Elena Helfrecht’s ominous photo book retraces family histories
The photographer reflects on intergenerational relationships through rich, mysterious imagery of interiors and objects in her family home
In imagery, physical spaces can become characters in their own right, particularly in the absence of people. A potent example can be found in Elena Helfrecht’s new photo book, Plexus, which seems to ask: if walls really could talk, what would they reveal?
Plexus is the product of a five-year journey that began following the death of Helfrecht’s grandmother, which prompted her to retrace the contours of her ancestral history through the lens of her family home in Bavaria. The book brings together ominous black and white photographs taken around the house, whose “objects and architecture … open a gate between the past and the present”, Helfrecht says.
It’s all part of what she describes as a “process of reconnecting the fragmentary history of my female lineage” over four generations. Helfrecht explores how, like property or possessions, experiences such as trauma and memory can be inherited by later generations, left behind like the shedded snakeskin that appears in several of the photographs taken around the house.
There are more than a few elements that lend a ‘haunted house’ quality to the book: rows of chairs that seem to float mid-air; a hand slipped between folded linens; dismembered goose feet that appear to stand of their own accord. But these images serve a greater purpose than cheap scares – they’re a reminder of the fact that this is ultimately an exercise in storytelling, and that Plexus isn’t a factual record.
Original photographs sit in dialogue with archive materials and photographs, and several of Helfrecht’s images were shot in the same spots that appear in old pictures. But she admits to filling in the gaps with “dreams, associations and imagined scenes”, projecting fantasy and fiction onto lived histories – in much the same way as family stories take shape.
The book comes with a short story penned by Camilla Grudova called the House Surgeon, a twisted tale of a family terrorised by a tumorous growth taking hold of their home, a space that almost comes alive with the past.
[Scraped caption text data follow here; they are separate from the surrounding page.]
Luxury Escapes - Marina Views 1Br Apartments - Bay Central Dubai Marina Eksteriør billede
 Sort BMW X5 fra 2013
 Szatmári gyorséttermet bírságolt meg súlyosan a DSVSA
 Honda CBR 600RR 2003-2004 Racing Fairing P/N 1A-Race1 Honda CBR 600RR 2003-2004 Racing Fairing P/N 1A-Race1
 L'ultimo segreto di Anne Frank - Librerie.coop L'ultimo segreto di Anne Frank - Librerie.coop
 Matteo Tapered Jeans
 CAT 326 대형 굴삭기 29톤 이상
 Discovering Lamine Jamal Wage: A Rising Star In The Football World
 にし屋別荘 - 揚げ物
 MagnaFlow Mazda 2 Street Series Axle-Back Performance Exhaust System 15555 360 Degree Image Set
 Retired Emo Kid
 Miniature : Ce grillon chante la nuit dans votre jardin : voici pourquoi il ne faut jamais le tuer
The story references the themes and even some direct motifs that appear in Helfrecht’s photographs – loose floorboards, snakes, and horses – which are woven into the story so organically that the images almost seem to document the account given in the story.
The final piece of the puzzle comes with the book’s ornate design, which lends it even more character. The textured, inky cover and interior illustrations link back to the book’s name, Plexus, which refers to the network of interlacing nerves and blood vessels found in the brain. On the cover, this elastic, fleshy web is applied over an image of a snake, with its own blotchy surface, the two layers appearing to intertwine. The pages towards the end of the book are joined at the outer edges and therefore have to be cut open, adding to the sense that, with Plexus, Helfrecht is inviting us to uncover family histories by her side.